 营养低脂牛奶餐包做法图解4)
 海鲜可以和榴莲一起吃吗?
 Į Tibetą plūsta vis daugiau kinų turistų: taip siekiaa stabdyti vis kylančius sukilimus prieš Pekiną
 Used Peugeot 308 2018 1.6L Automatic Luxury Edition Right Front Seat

---

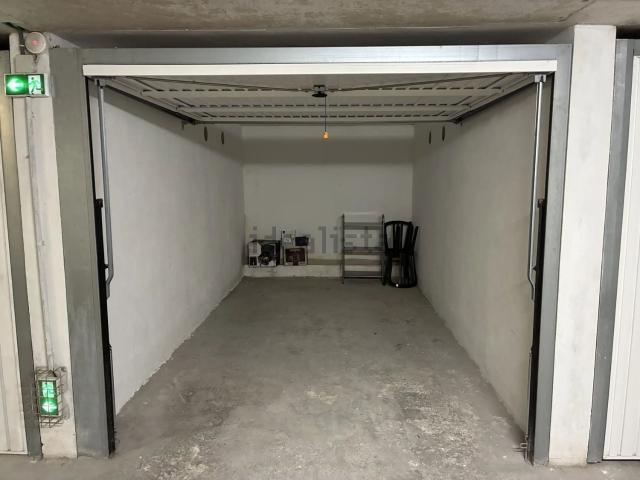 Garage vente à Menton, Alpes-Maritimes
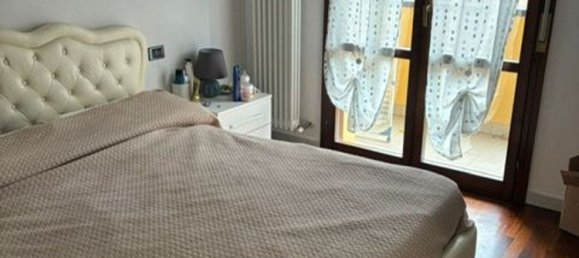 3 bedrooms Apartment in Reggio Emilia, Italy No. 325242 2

* _What you have to do_
Which lines run from the one holding "海鲜可以和榴莲一起吃吗?" through the one holding "Used Peugeot 308" in the records above? Repeat them exactly, both included, and nothing more.

* _Answer area_
 海鲜可以和榴莲一起吃吗?
 Į Tibetą plūsta vis daugiau kinų turistų: taip siekiaa stabdyti vis kylančius sukilimus prieš Pekiną
 Used Peugeot 308 2018 1.6L Automatic Luxury Edition Right Front Seat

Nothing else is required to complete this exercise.